- Work to be completed -
A verbatim copy of the listing is what is needed, minus any pictures.

- Record set -
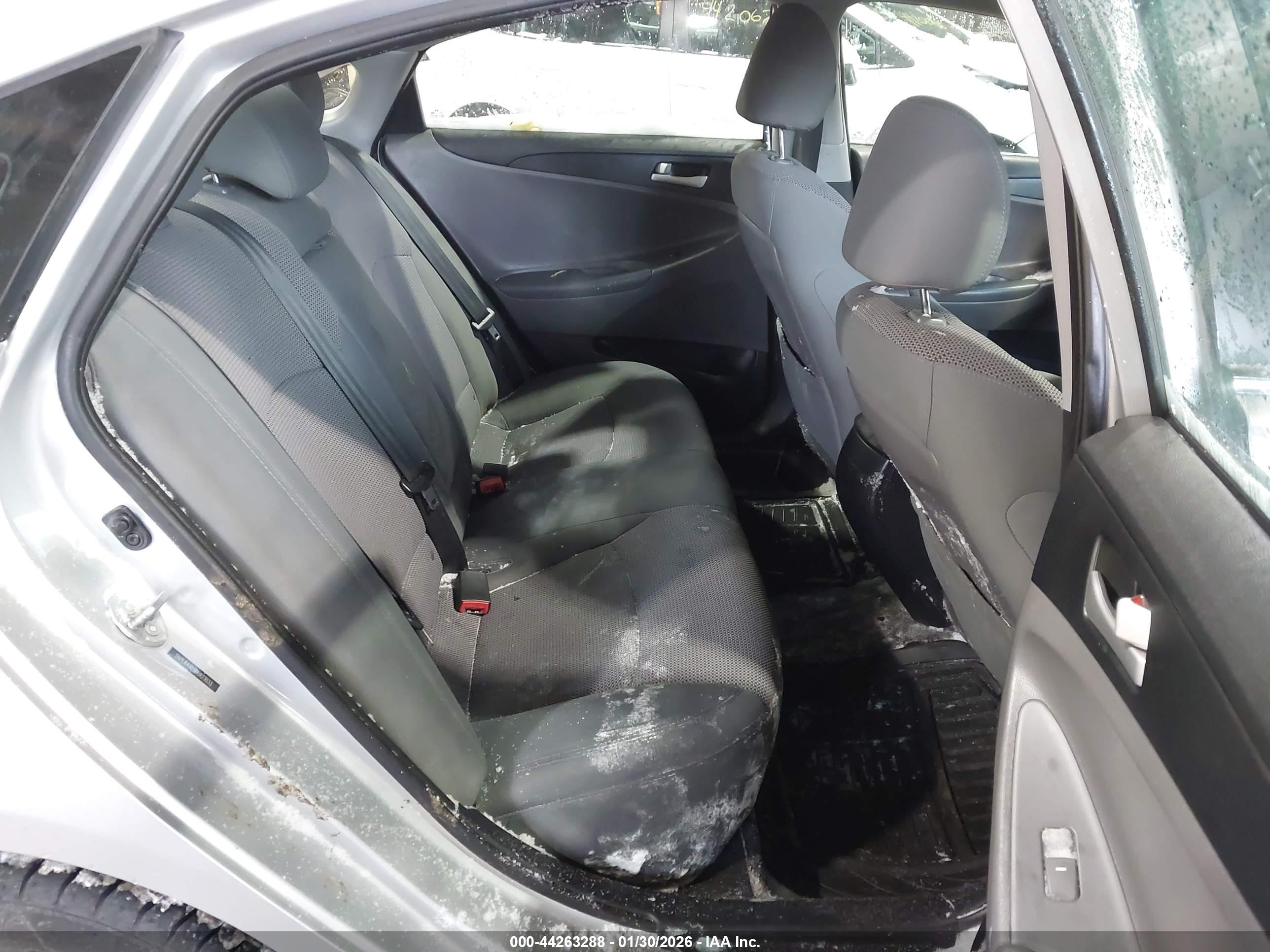 HYUNDAI SONATA image 8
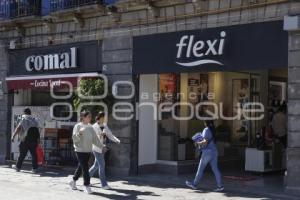 ECONOMÍA . COMERCIOS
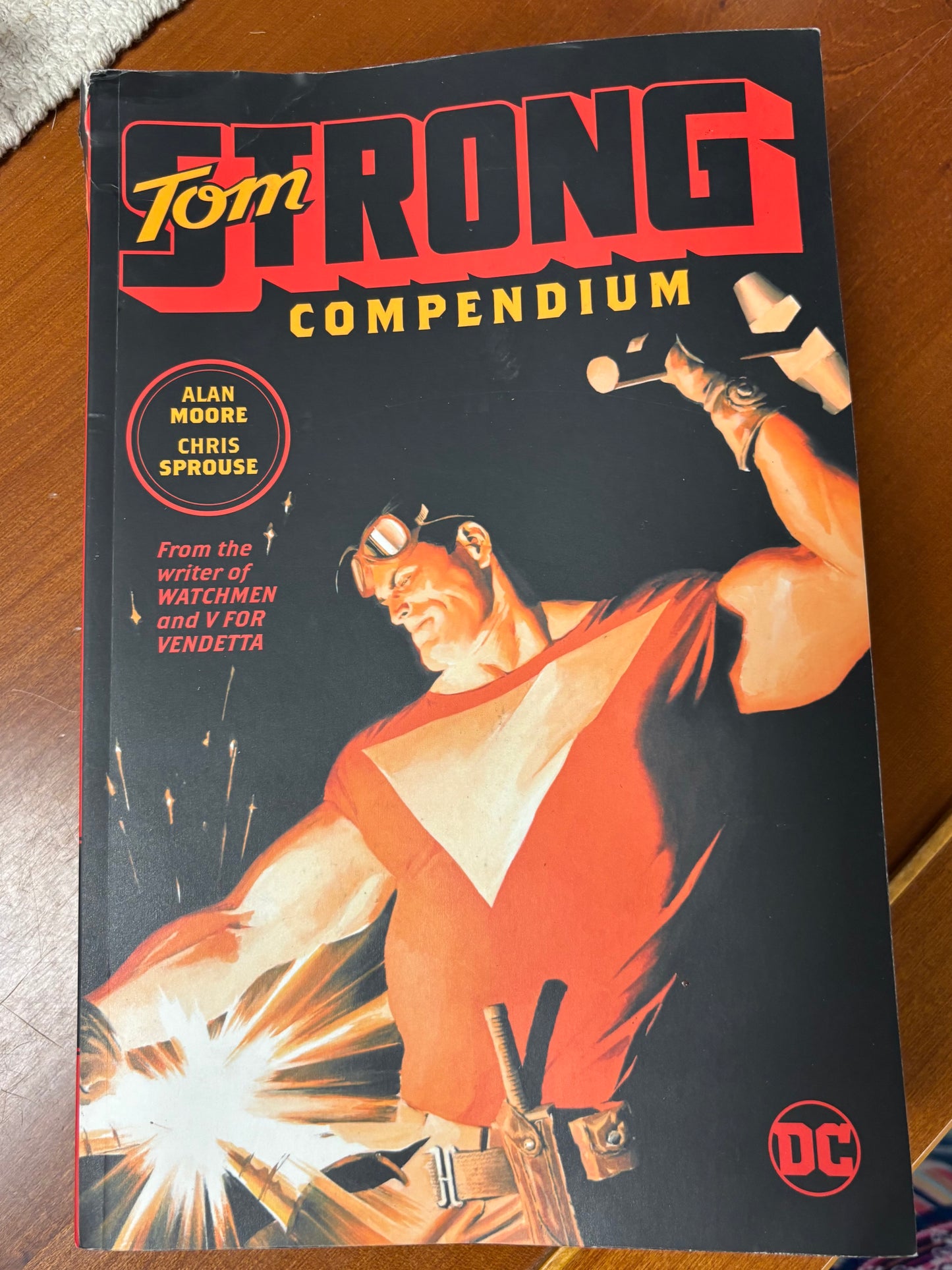 Tom Strong Compendium DC Comics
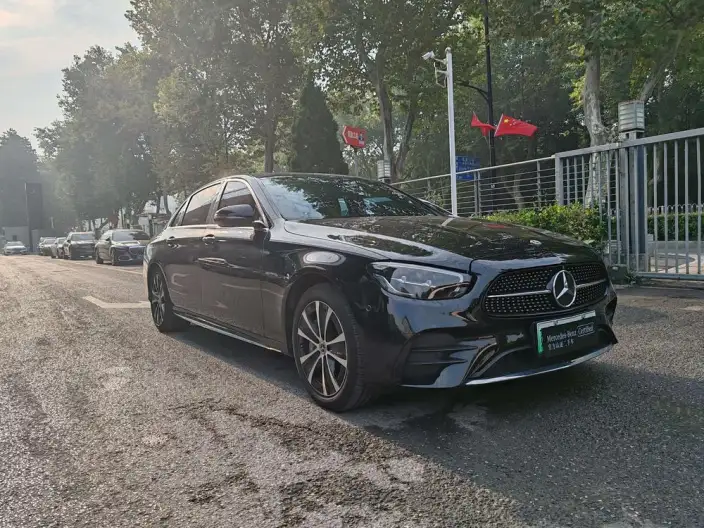 Mercedes-Benz E-Class PHEV 2022 Model E 350 e L Sports sedan – фото 3
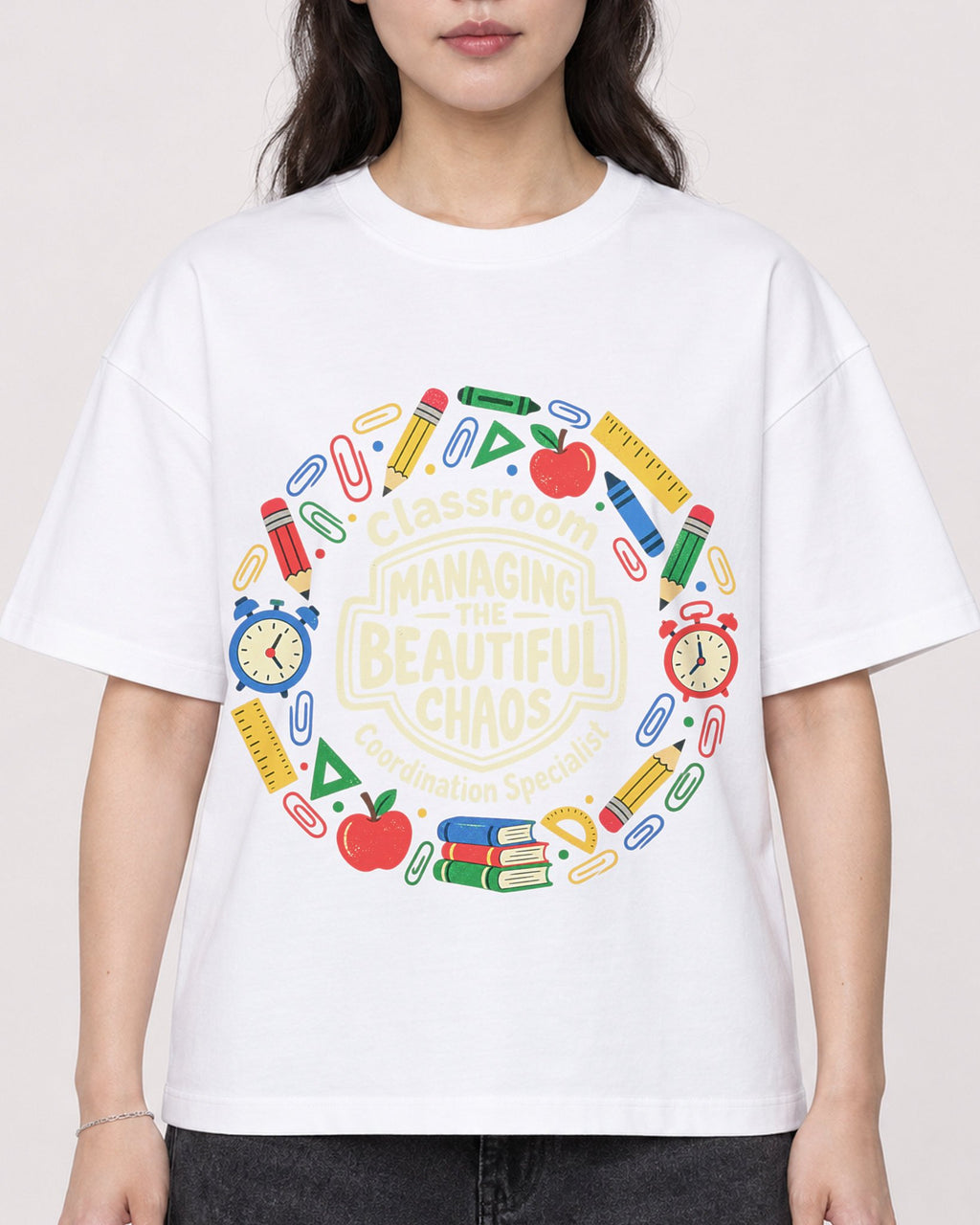 Mockup Boxy Heavyweight Tee White female close-up 03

- Result below -
 HYUNDAI SONATA image 8
 ECONOMÍA . COMERCIOS
 Tom Strong Compendium DC Comics
 Mercedes-Benz E-Class PHEV 2022 Model E 350 e L Sports sedan – фото 3
 Mockup Boxy Heavyweight Tee White female close-up 03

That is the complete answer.